M. Gallet indique aujourd'hui que l'installation de l'appareil nécessiterait le percement des murs pour l'évacuation donc l'autorisation de son bailleur, qui lui a opposé un refus (refus dont l'existence n'est pas contestée par Conceptica, laquelle ne prétend pas ne pas avoir reçu la pièce adverse n° 11 dénommée " attestation propriétaire des murs du 6 septembre 2009 ", mais dont la Cour ne dispose pas au dossier de plaidoirie de M. Gallet, qui manifestement a oublié de la verser). Ce refus rend donc de fait l'appareil inutilisable. Certes, Conceptica n'est pas responsable des stipulations du bail ni du refus du bailleur, et le bail lui est inopposable ; néanmoins, le commercial, rompu aux démarchages chez les petits commerçants, aurait dû attirer l'attention de M. Gallet sur le fait que celui-ci devait percer les murs et s'inquiéter du contenu des stipulations de son bail à ce sujet.

Il est évident que, si M. Gallet avait su au moment du démarchage qu'il devait percer les murs, il n'aurait pas signé sans avoir au préalable demandé un devis de travaux de percement et l'autorisation de son bailleur. La réticence dolosive est donc avérée ce qui entraîne la nullité de la vente ; Conceptica ne peut pas prétendre au règlement du solde de prix et de l'indemnité contractuelle et doit restituer l'acompte versé.

Il convient donc de confirmer le jugement en ce qu'il a débouté Conceptica de ses demandes et l'a condamnée à rembourser à M. Gallet l'acompte de 2 502,92 euro, sauf à juger, en application de l'article 1153 du Code Civil, que les intérêts au taux légal ne courront pas de plein droit dès la vente du 4 septembre 2008, mais seulement à compter de la première demande de remboursement formulée par M. Gallet (devant le Tribunal de Commerce, où la procédure est orale, à l'audience du 8 mars 2010).

Sur les dommages-intérêts réclamés par M. Gallet pour atteinte à l'honorabilité :

M. Gallet ne prétend pas que Conceptica aurait ébruité le présent litige en lui faisant une publicité défavorable et ne justifie pas de ses dommages de ce chef. Il convient donc de confirmer le jugement en ce qu'il l'a débouté de sa demande en dommages-intérêts.

Sur l'application de l'article 700 du Code de Procédure Civile et les dépens :

Conceptica succombant au principal supportera ses frais irrépétibles et les dépens, ainsi que les frais exposés par M. Gallet, soit 1 000 euro en première instance comme l'a décidé le tribunal outre 1 000 euro en appel.
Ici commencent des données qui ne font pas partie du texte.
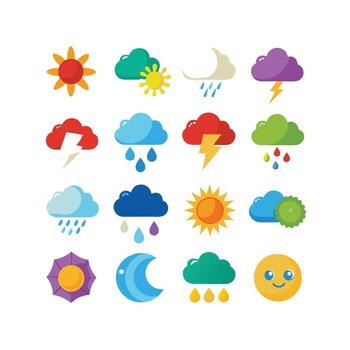 Weather Icon Set Collection for Websites and Mobile Applications vector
Par ces motifs, LA COUR , Confirme le jugement du Tribunal de Commerce de Toulouse du 31 mai 2010 en toutes ses dispositions, sauf à juger que les intérêts au taux légal sur la somme de 2.502,92 euro que la SARL Conceptica est condamnée à rembourser à M. Gallet courent à compter du 8 mars 2010 et non à compter du 4 septembre 2008 ; Y ajoutant : Prononce la nullité de la vente conclue entre la SARL Conceptica et M. Gallet le 4 septembre 2008 ; Condamne la SARL Conceptica à payer à M. Gallet la somme supplémentaire de 1 000 euro sur le fondement de l'article 700 du Code de Procédure Civile au titre des frais irrépétibles exposés en appel ; Condamne la SARL Conceptica aux dépens d'appel, dont distraction par application de l'article 699 du Code de Procédure Civile.